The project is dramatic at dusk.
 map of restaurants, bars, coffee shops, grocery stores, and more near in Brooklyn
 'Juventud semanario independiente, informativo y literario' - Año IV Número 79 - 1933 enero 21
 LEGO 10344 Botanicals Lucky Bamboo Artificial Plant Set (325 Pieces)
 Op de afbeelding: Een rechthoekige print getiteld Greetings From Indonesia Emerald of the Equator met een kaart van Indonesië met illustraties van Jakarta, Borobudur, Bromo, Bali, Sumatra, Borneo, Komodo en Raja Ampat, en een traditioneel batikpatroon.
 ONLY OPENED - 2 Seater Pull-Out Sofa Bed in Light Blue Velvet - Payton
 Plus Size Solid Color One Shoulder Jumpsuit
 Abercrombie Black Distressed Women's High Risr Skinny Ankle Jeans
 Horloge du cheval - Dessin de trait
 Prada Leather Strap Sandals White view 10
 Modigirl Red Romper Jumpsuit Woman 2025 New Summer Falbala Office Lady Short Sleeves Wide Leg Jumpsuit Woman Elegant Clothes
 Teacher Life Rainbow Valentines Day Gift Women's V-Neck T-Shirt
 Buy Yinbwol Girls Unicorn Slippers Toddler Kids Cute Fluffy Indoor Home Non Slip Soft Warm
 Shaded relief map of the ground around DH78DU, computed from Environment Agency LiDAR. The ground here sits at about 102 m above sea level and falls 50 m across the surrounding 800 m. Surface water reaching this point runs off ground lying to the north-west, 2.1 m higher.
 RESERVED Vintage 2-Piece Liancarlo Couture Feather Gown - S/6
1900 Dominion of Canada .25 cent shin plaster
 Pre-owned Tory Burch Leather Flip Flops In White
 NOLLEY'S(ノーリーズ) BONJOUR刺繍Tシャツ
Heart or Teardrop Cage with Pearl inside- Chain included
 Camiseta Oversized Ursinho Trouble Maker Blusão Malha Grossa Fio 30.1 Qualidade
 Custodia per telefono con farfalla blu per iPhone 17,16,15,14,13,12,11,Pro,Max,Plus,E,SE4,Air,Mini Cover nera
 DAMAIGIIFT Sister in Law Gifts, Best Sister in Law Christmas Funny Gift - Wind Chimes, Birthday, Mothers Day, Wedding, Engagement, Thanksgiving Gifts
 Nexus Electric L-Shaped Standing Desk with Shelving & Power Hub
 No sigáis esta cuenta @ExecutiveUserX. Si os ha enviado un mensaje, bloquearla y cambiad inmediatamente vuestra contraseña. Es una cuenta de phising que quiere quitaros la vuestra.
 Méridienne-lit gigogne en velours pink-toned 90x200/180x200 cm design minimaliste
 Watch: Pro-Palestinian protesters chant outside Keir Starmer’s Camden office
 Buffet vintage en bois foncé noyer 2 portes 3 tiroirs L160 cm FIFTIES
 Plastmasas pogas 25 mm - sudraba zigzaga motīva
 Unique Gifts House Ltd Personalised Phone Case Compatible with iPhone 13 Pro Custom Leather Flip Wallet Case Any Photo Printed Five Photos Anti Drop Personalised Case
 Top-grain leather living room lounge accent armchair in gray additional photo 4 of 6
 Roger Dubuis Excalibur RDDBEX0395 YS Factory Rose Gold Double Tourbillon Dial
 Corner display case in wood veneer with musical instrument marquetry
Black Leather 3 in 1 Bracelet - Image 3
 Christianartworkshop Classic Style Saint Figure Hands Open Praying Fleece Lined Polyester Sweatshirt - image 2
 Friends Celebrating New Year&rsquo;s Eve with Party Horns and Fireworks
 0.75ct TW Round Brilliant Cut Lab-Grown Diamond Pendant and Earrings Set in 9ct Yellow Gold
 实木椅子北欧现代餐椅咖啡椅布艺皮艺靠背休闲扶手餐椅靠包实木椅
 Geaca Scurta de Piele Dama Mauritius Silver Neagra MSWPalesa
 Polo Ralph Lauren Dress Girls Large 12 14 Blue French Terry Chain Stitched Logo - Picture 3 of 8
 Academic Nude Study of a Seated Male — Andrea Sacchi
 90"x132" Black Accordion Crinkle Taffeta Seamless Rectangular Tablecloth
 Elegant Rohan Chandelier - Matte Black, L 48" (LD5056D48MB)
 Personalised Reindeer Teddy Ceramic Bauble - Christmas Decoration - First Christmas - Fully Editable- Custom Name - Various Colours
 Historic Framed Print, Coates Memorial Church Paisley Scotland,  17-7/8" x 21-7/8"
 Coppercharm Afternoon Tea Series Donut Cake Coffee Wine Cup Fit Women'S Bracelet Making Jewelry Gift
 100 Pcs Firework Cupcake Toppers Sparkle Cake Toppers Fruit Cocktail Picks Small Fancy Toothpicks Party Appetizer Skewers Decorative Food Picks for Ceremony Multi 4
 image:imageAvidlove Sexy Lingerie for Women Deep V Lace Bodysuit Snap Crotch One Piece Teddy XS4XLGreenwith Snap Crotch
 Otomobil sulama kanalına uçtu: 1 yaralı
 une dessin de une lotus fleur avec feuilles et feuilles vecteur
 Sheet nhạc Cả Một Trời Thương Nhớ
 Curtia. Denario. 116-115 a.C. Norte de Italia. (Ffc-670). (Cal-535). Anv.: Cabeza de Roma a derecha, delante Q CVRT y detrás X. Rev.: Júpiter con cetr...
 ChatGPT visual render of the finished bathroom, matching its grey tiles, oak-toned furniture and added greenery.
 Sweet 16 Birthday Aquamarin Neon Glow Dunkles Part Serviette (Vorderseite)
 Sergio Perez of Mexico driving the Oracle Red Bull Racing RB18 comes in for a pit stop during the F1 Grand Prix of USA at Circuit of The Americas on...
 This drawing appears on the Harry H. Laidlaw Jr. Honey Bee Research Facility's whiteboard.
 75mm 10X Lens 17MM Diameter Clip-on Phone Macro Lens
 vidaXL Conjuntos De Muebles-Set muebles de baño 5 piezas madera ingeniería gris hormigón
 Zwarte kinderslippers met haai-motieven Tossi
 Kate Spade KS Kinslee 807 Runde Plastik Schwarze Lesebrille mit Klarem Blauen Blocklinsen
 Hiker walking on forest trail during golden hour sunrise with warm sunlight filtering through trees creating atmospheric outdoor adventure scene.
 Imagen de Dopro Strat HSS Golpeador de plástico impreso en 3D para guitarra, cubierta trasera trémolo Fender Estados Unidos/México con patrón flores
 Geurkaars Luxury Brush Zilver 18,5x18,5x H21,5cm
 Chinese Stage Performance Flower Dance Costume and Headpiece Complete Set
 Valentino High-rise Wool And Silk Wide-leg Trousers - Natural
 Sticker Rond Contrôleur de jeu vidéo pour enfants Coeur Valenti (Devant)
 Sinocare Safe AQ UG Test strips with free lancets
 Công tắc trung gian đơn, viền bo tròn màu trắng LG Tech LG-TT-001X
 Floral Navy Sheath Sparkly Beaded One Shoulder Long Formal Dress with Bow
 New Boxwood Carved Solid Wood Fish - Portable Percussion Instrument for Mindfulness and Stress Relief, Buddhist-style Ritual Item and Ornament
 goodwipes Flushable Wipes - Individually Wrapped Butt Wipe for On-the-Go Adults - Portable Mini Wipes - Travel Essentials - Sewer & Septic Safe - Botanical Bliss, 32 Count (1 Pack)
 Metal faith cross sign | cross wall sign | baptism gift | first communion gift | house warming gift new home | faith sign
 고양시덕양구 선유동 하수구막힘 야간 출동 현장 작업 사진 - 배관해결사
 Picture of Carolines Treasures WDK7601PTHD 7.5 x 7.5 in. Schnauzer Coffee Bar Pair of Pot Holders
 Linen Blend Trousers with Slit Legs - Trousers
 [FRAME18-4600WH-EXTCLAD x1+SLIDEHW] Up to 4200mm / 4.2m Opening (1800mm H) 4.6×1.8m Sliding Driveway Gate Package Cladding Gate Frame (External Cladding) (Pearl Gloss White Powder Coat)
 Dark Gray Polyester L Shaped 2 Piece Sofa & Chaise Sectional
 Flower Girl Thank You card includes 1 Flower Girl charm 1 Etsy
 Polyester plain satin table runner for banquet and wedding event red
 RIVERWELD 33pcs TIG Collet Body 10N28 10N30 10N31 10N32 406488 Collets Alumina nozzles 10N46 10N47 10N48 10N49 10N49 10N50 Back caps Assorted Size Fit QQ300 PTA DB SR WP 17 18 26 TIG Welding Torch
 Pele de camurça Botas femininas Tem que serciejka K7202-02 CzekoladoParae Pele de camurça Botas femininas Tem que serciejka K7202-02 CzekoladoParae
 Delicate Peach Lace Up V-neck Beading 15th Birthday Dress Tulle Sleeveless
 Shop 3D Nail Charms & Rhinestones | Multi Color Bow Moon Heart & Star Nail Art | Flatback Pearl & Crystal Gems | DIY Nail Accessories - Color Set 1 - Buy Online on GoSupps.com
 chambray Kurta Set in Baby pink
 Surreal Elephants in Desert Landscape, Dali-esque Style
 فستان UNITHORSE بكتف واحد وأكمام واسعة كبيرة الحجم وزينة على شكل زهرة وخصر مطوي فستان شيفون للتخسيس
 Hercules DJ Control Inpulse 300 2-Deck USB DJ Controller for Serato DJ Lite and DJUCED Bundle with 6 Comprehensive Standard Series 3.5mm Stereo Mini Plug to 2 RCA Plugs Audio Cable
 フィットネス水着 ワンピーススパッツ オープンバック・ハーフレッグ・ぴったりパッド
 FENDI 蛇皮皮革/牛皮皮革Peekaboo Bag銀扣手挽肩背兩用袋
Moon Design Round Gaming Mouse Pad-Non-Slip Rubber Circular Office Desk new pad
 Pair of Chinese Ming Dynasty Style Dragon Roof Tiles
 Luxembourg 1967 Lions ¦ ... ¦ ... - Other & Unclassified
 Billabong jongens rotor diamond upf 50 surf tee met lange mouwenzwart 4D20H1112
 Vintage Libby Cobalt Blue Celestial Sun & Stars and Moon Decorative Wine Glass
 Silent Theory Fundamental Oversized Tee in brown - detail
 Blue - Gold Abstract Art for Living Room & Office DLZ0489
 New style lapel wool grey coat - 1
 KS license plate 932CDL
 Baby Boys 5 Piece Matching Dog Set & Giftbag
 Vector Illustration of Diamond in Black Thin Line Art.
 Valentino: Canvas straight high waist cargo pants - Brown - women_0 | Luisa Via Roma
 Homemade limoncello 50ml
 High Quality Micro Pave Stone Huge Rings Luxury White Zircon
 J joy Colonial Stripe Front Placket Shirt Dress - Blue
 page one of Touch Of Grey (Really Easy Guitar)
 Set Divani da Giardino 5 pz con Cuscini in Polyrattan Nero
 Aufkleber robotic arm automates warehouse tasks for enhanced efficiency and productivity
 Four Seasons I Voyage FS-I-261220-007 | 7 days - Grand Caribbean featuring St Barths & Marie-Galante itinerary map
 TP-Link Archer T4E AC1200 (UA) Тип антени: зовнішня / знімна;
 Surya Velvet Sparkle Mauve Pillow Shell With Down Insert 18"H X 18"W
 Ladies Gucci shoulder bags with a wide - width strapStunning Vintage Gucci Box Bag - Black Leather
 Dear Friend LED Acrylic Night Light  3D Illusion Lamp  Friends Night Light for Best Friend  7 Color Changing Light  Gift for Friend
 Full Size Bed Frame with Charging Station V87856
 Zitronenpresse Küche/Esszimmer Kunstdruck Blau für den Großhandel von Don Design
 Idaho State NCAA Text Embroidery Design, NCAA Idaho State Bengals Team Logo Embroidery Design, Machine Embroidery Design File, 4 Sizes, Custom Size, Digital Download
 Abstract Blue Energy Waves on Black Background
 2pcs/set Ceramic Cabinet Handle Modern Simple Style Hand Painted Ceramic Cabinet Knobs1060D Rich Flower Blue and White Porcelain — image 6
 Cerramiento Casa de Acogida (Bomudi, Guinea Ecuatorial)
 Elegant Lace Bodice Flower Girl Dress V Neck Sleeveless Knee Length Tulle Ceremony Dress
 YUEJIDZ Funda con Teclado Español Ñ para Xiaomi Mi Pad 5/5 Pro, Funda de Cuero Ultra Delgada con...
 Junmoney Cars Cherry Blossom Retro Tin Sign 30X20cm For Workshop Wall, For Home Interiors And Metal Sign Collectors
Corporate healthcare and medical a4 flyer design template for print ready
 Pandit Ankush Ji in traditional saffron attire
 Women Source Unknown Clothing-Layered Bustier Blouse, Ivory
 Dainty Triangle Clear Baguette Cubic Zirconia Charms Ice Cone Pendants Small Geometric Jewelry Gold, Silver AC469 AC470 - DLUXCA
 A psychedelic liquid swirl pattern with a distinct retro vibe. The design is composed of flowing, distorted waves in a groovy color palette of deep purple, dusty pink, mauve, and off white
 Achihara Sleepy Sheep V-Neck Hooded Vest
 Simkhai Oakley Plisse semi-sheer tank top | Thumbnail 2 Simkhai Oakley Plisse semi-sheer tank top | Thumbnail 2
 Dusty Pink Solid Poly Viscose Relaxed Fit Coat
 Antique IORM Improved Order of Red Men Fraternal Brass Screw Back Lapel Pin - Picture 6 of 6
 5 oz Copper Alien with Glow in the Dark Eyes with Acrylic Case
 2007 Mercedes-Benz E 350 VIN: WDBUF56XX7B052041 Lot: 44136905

=-=-=

» What the task asks:
What you return must be the lines above that run from the line with "Personalised Reindeer Teddy" to the line with "Coppercharm Afternoon Tea", inclusive, each copied exactly.

» Reply:
 Personalised Reindeer Teddy Ceramic Bauble - Christmas Decoration - First Christmas - Fully Editable- Custom Name - Various Colours
 Historic Framed Print, Coates Memorial Church Paisley Scotland,  17-7/8" x 21-7/8"
 Coppercharm Afternoon Tea Series Donut Cake Coffee Wine Cup Fit Women'S Bracelet Making Jewelry Gift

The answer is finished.